Pandas DataFrames have a method assign which will assign values to a column, and which differs from methods like loc or iloc in that it returns a DataFrame with the newly assigned column(s) without modifying any shallow copies or references to the same data.
The assign method uses named arguments to denote column names, and it works fine for column names that are strings, but pandas supports usage of arbitrary python objects as column names.

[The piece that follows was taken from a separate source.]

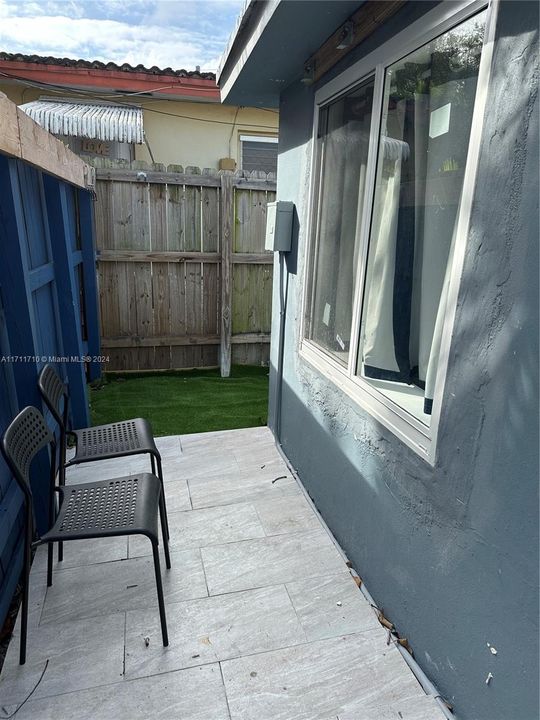 For Rent: $1,300 (0 beds, 1 baths, 320 Square Feet)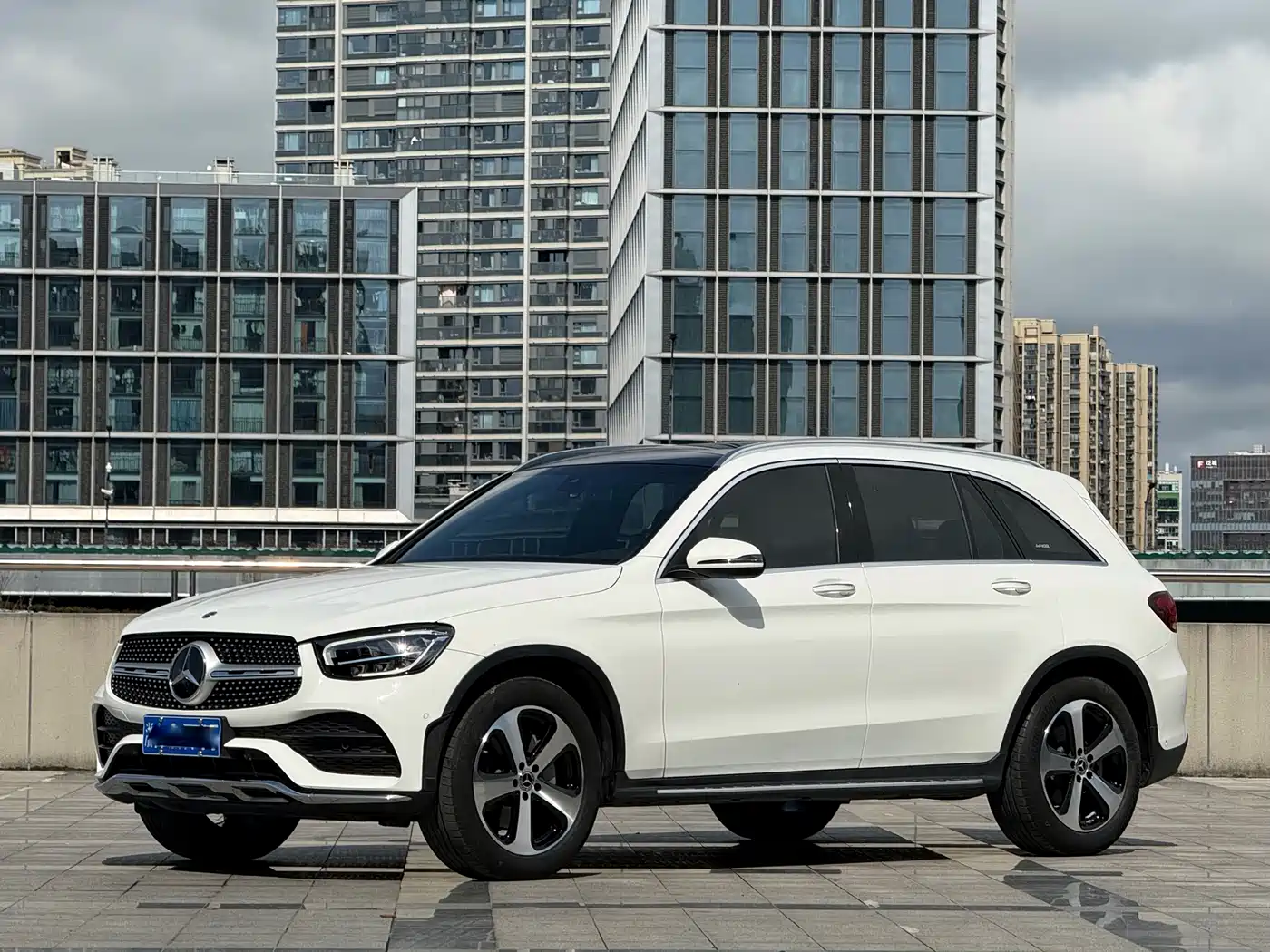 MERCEDES-BENZ GLC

Suppose I have a DataFrame with integers as column "names":
import pandas as pd
df = pd.DataFrame({
0: [1, 2, 3],
1: [4, 5, 6]})
How can I assign, say, to the column 0?
This doesn't work:
df.assign(0=df[[0]] + 1)
SyntaxError: expression cannot contain assignment, perhaps you meant "=="?
Nor does this:
df.assign(**{0: df[[0]] + 1})
TypeError: keywords must be strings
Now, I could use direct assign or loc, but it would modify the underlying data - for example:
df_shallow_copy = df
df[[0]] = df[[0]] + 1
Now df_shallow_copy would have values [2, 3, 4] for column 0 instead of [1, 2, 3].
I could also do a full deep copy of all the columns, but that involves duplicating the data in memory and performing redundant operations:
df_shallow_copy = df
df = df.copy()
df[[0]] = df[[0]] + 1
How can I assign to the column without generating a redundant deep copy and without potentially modifying other objects?